## TASK DIRECTIONS
Find the line with "And importantly, all" in the entries below, then reproduce it and every line after it down to and including the line with "Partner | Innovate25", exactly.

SOURCE DATA Start Marker

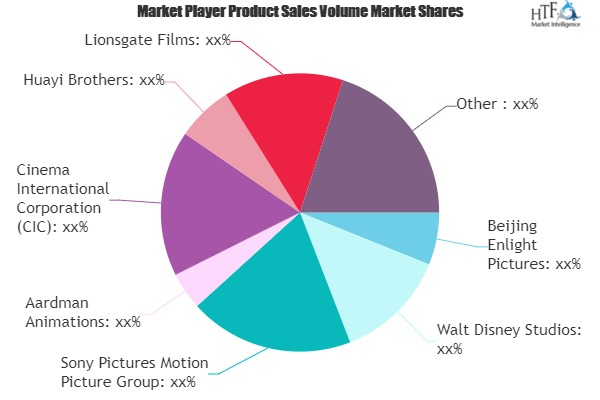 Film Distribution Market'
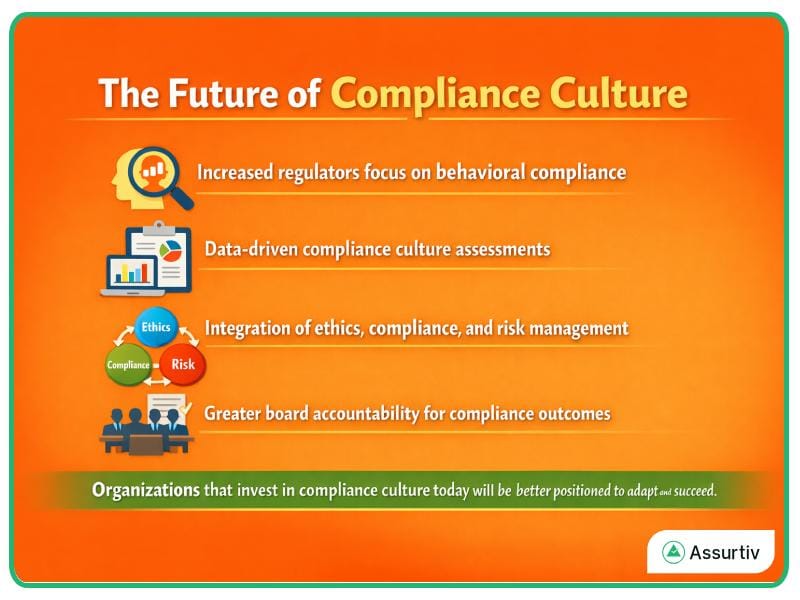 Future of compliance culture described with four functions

SOURCE DATA End Marker
SOURCE DATA Start Marker

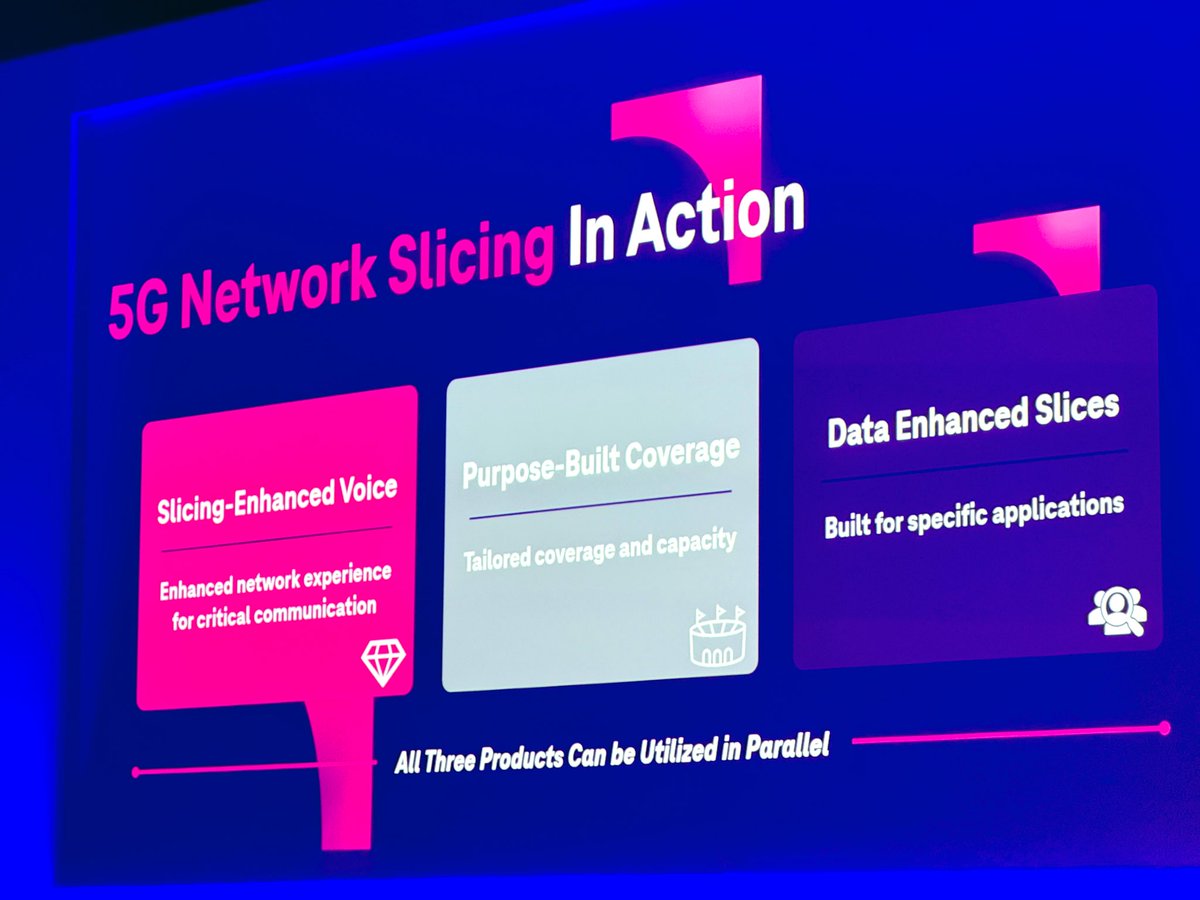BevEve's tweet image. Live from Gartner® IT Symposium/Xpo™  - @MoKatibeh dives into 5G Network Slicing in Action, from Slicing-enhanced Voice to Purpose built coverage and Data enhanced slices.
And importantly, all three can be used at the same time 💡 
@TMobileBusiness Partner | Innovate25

SOURCE DATA End Marker
SOURCE DATA Start Marker

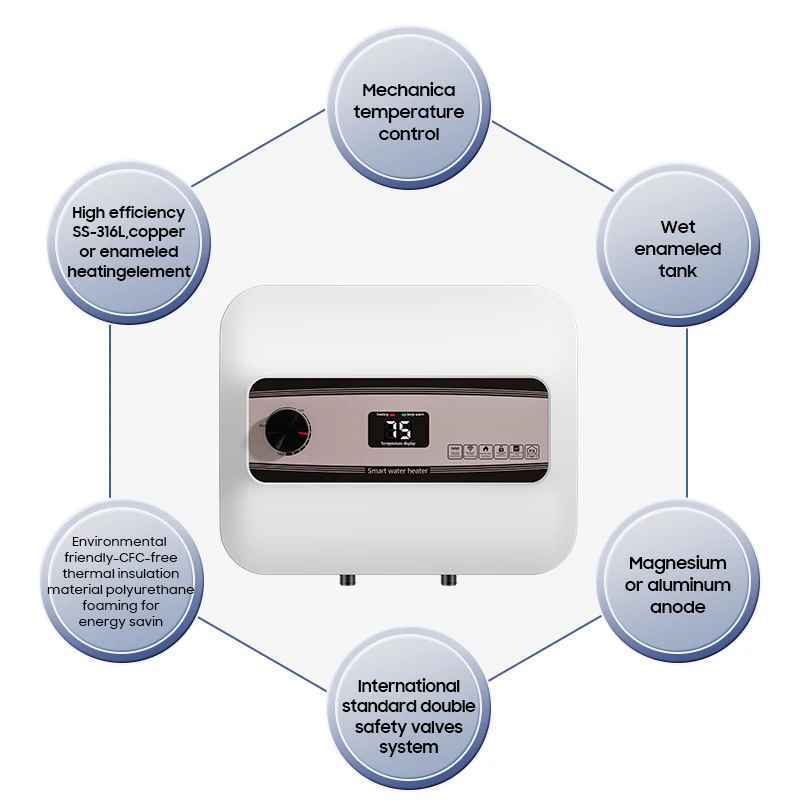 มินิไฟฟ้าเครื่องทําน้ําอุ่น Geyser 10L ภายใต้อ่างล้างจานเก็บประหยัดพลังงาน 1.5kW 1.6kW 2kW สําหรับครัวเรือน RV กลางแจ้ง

SOURCE DATA End Marker

## FINAL ANSWER
And importantly, all three can be used at the same time 💡 
@TMobileBusiness Partner | Innovate25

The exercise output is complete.